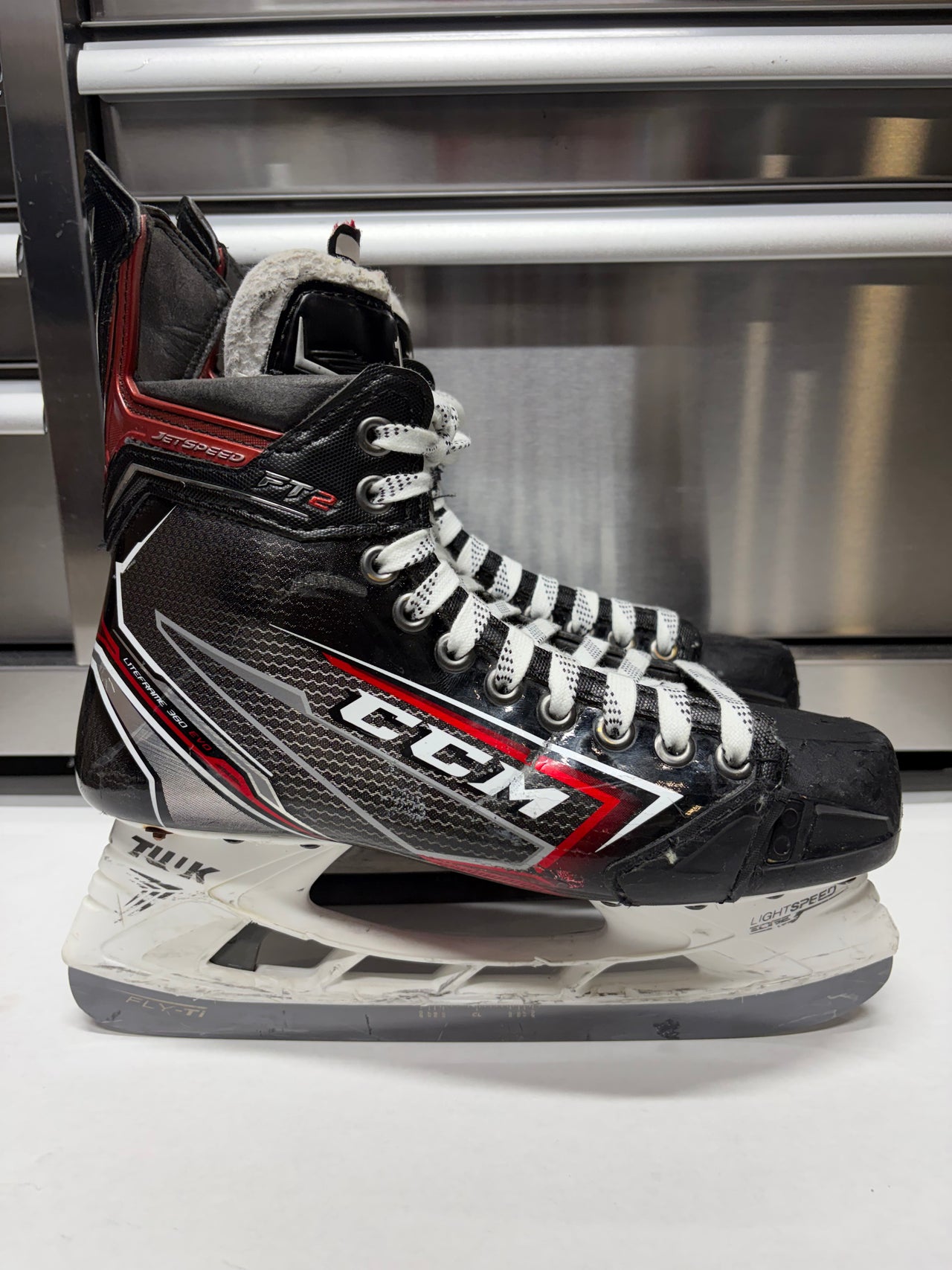 CCM Jetspeed FT2 Pro Hockey Skate Size 8 Regular Width (Used) NHL Pro Stock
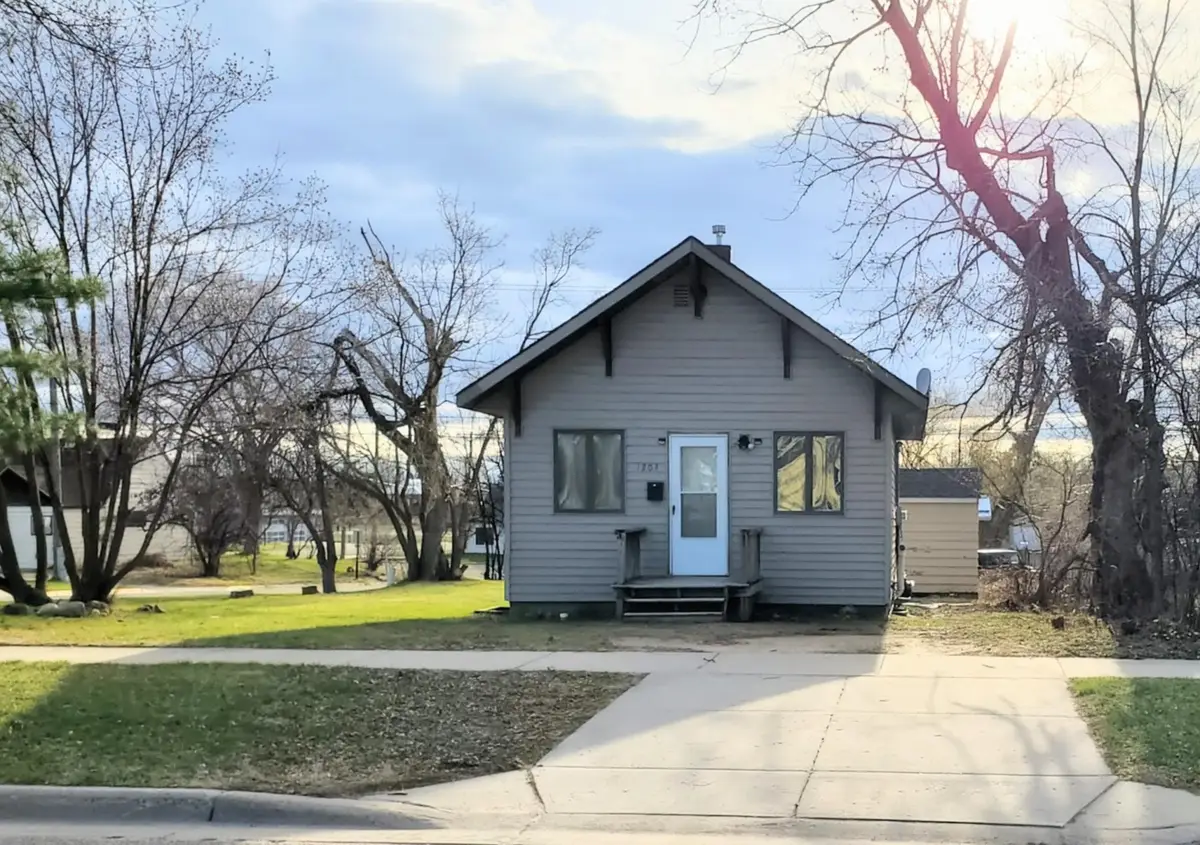 1203 America Avenue Nw, Bemidji, MN 56601 - #1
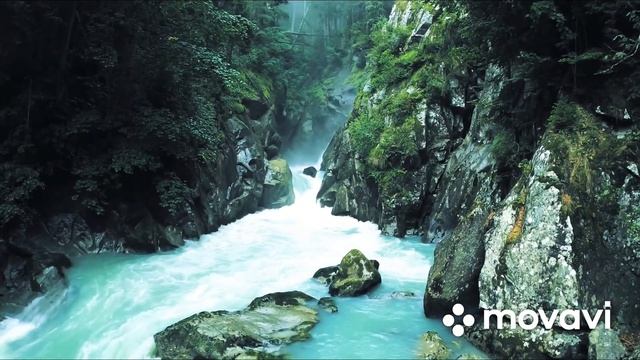 расслабляющий видеоролик с музыкой возле водопада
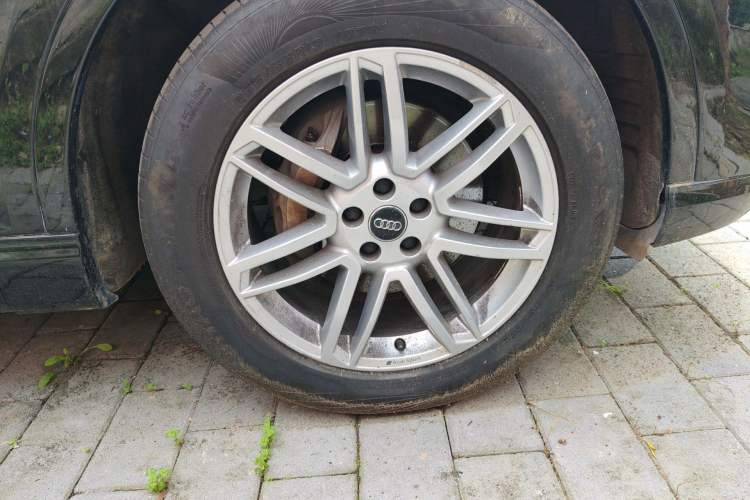 Used Audi Q7 2018 40 TFSI S line Sport Edition Right Front Wheel Hub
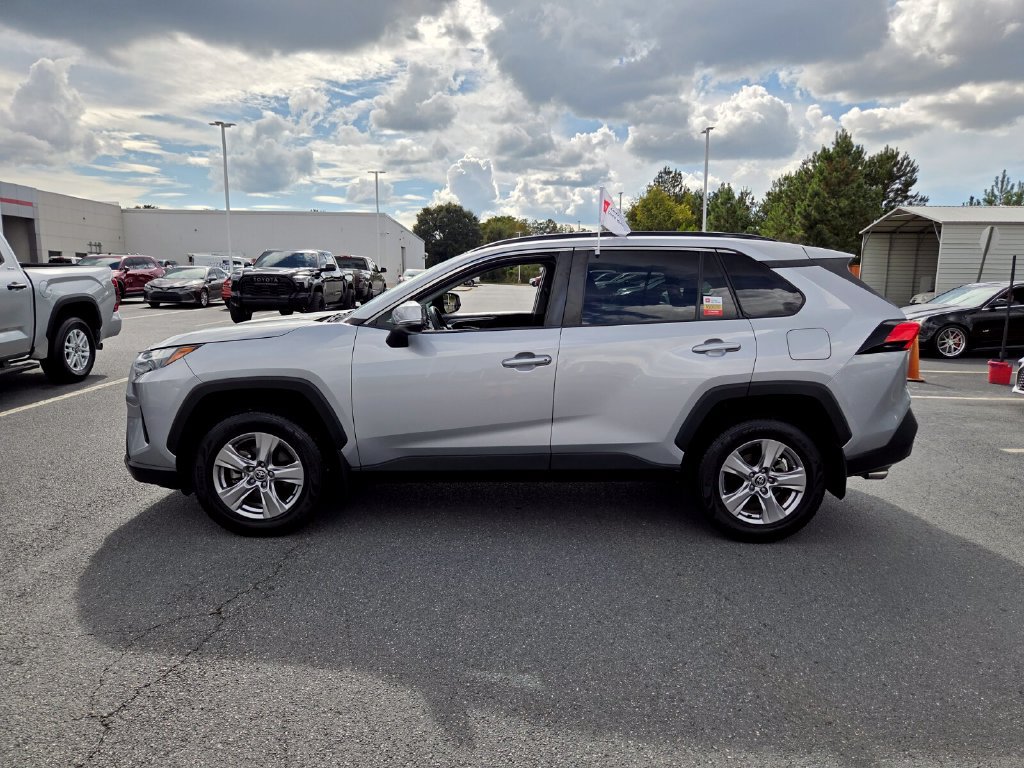 Certified 2022 Toyota RAV4 XLE FWD image 4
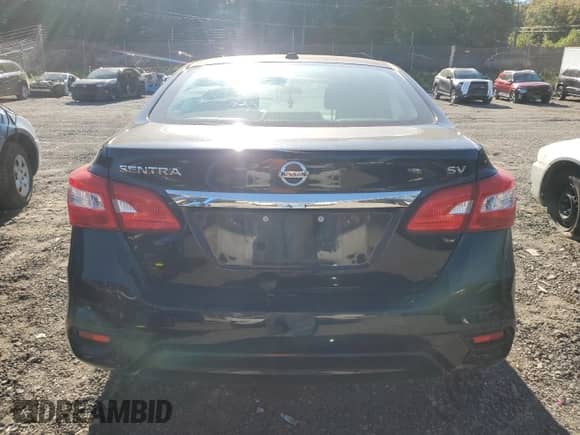 2017 Nissan Sentra SR z VIN 3N1AB7AP0HY327425, wystawiony jako Copart lot #87111755 z przebiegiem 141 933 mil mil oraz Szkoda całkowita • Salvage title. Historia ofert i sprzedaży dostępna na DreamBid. Obrazek 6.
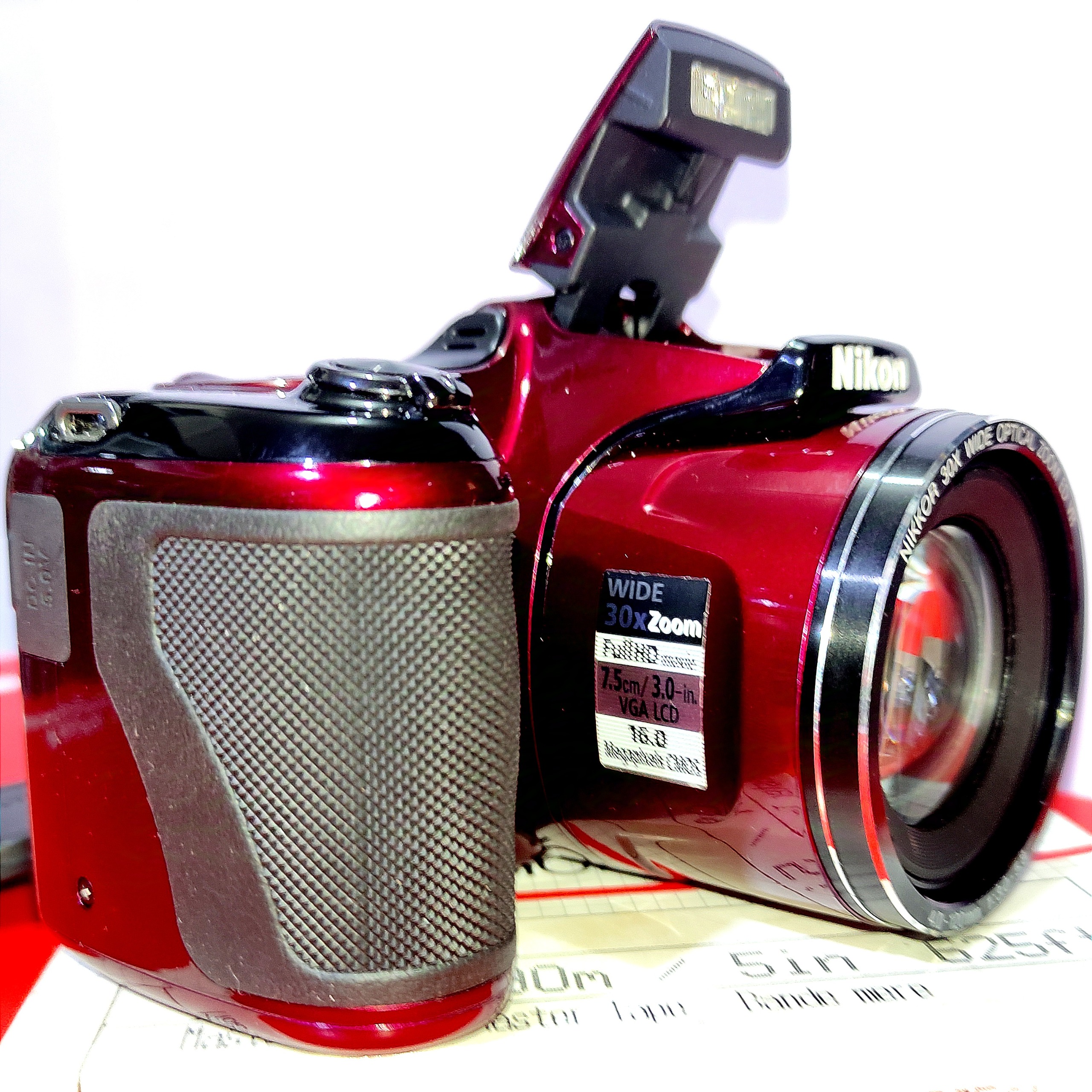 دوربین 16 مگاپیکسلی Nikon کولپیکس L820 16MP 30X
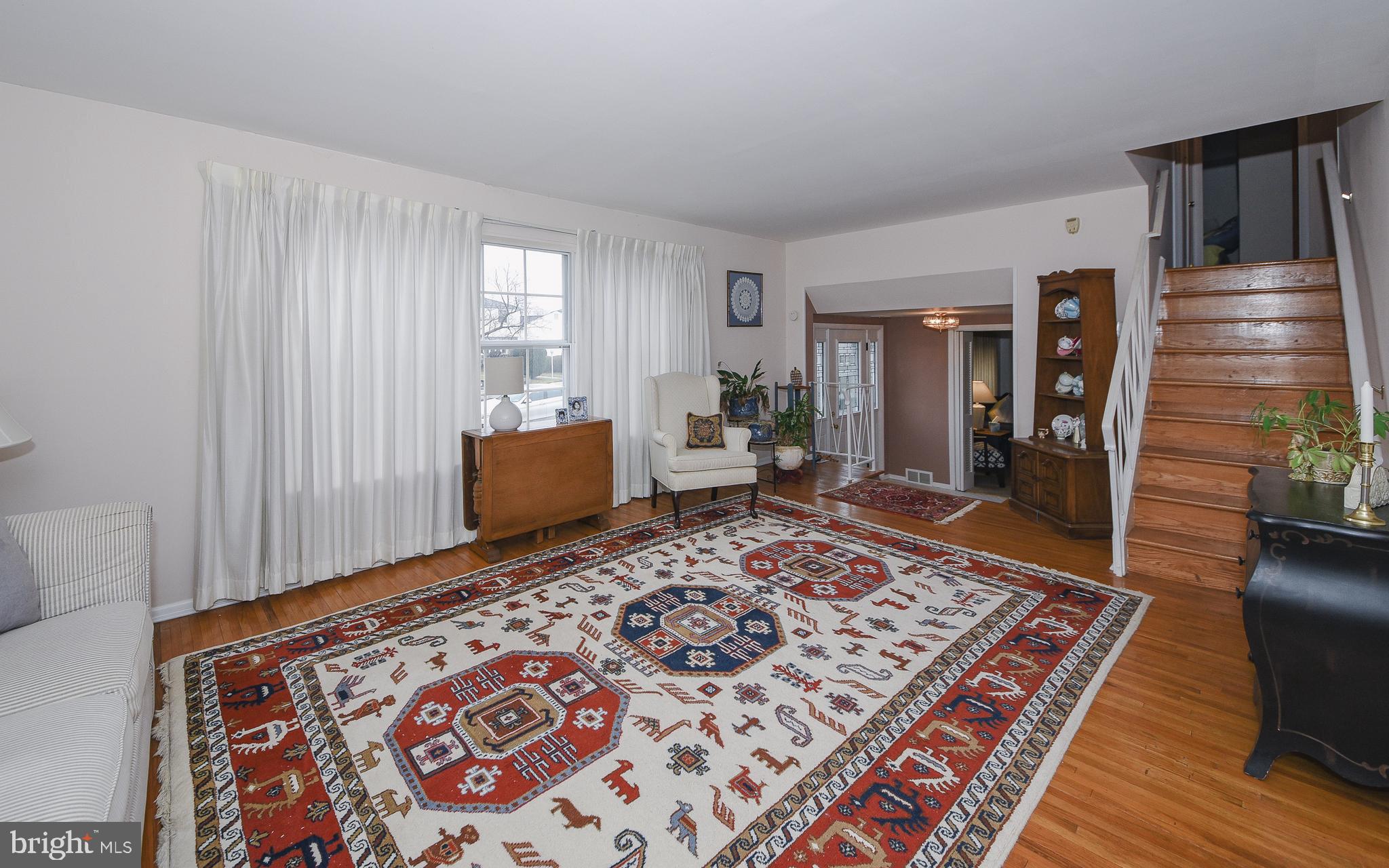 815 Rennard Circle Philadelphia, PA 19116 - Photo 7 of 22 Gallery Image 7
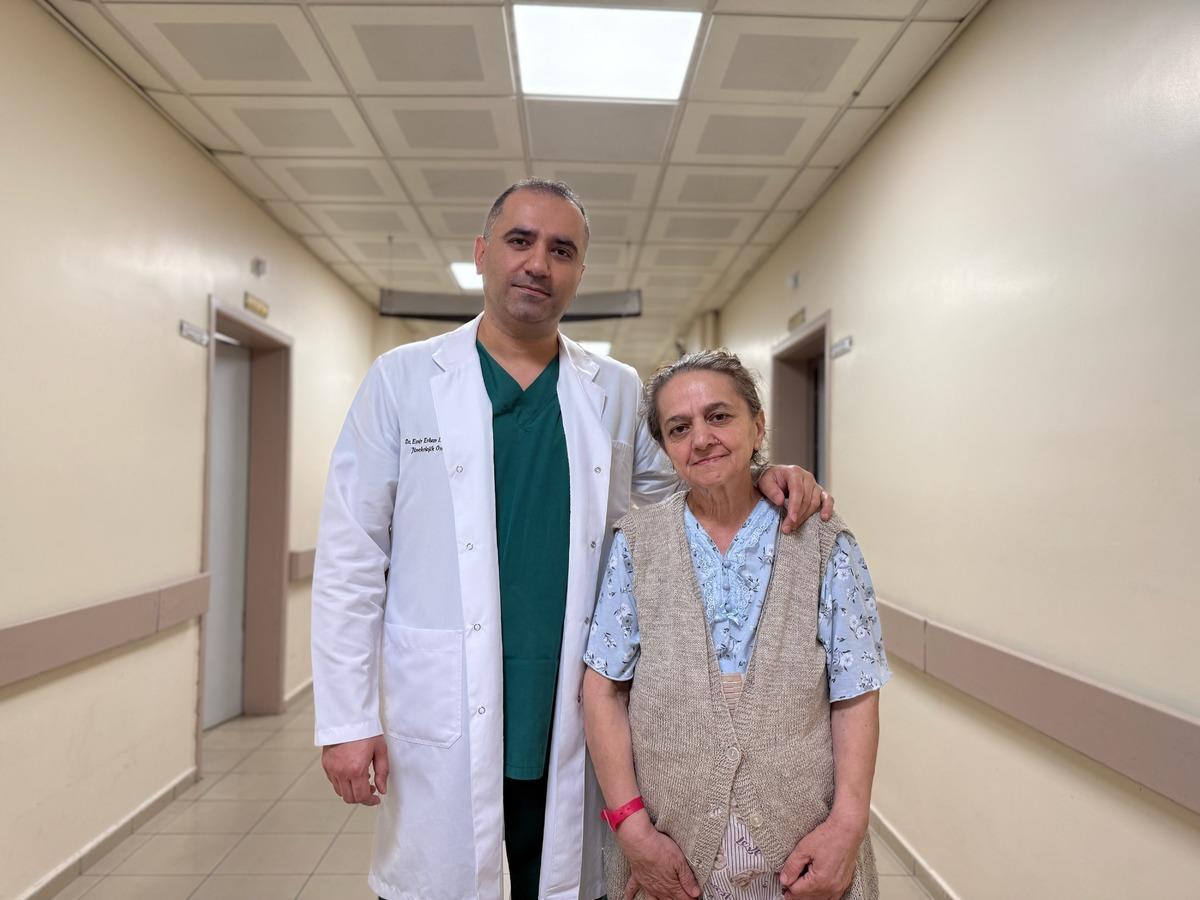 Kabızlık sanıyordu, karnından 22 kiloluk dev t&uuml;m&ouml;r &ccedil;ıktı: "&Uuml;&ccedil;&uuml;z gebelikten b&uuml;y&uuml;kt&uuml;" 1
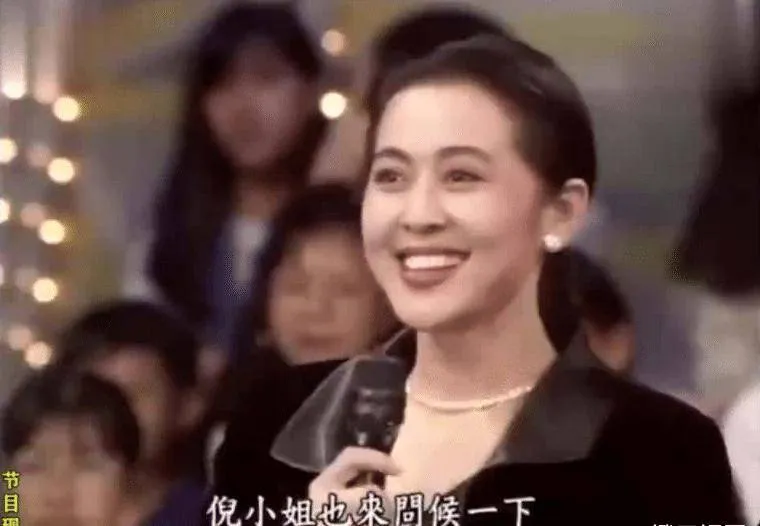 十大电视美女主持如今怎样了？董卿周涛嫁豪门，龙洋成“接班人”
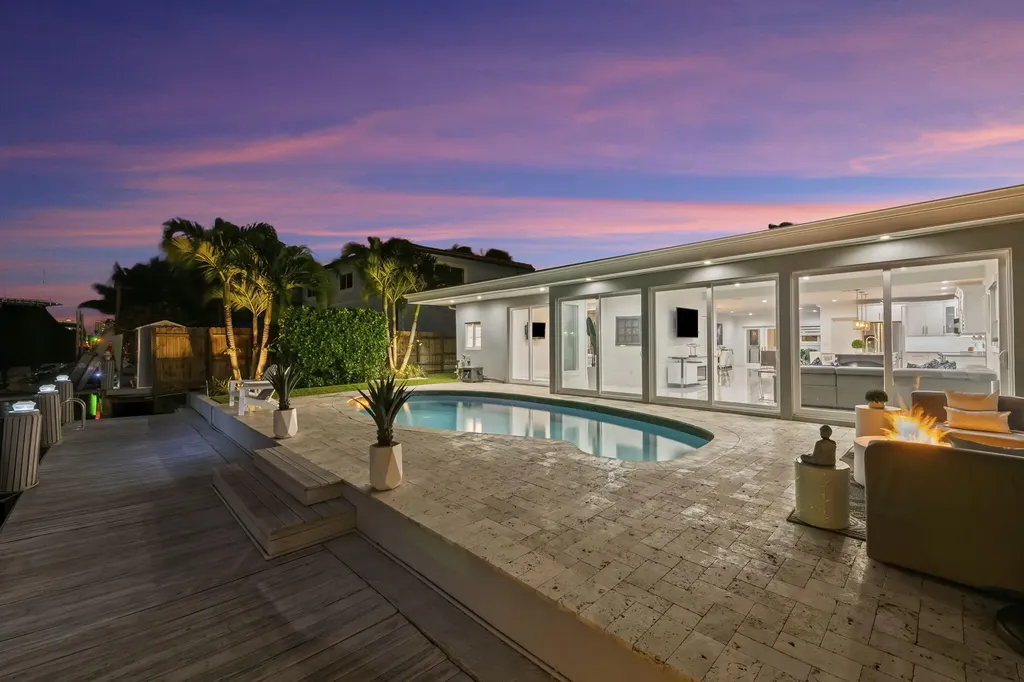 2331 SE 14th Street Pompano Beach FL 33062
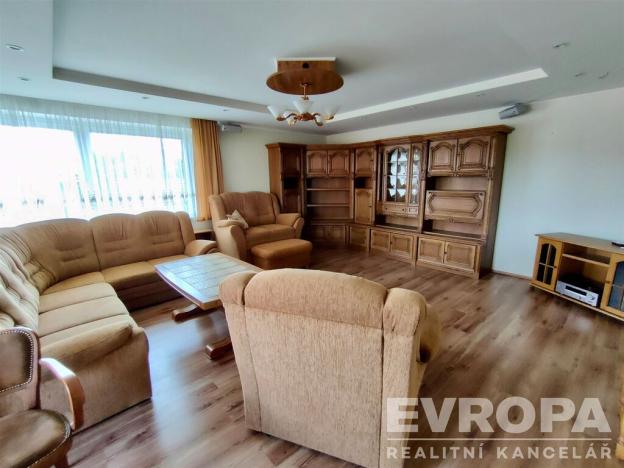 Prodej komerční nemovitosti, Uhlířské Janovice, Kolínská, 495 m2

__________________________________________________

Task brief >>
Working from the entries above, please transcribe only the lines from the line with "Used Audi Q7" through the line with "Certified 2022 Toyota RAV4 XLE FWD image 4", exactly, with both end lines and without pictures.

Finished task >>
 Used Audi Q7 2018 40 TFSI S line Sport Edition Right Front Wheel Hub
 Certified 2022 Toyota RAV4 XLE FWD image 4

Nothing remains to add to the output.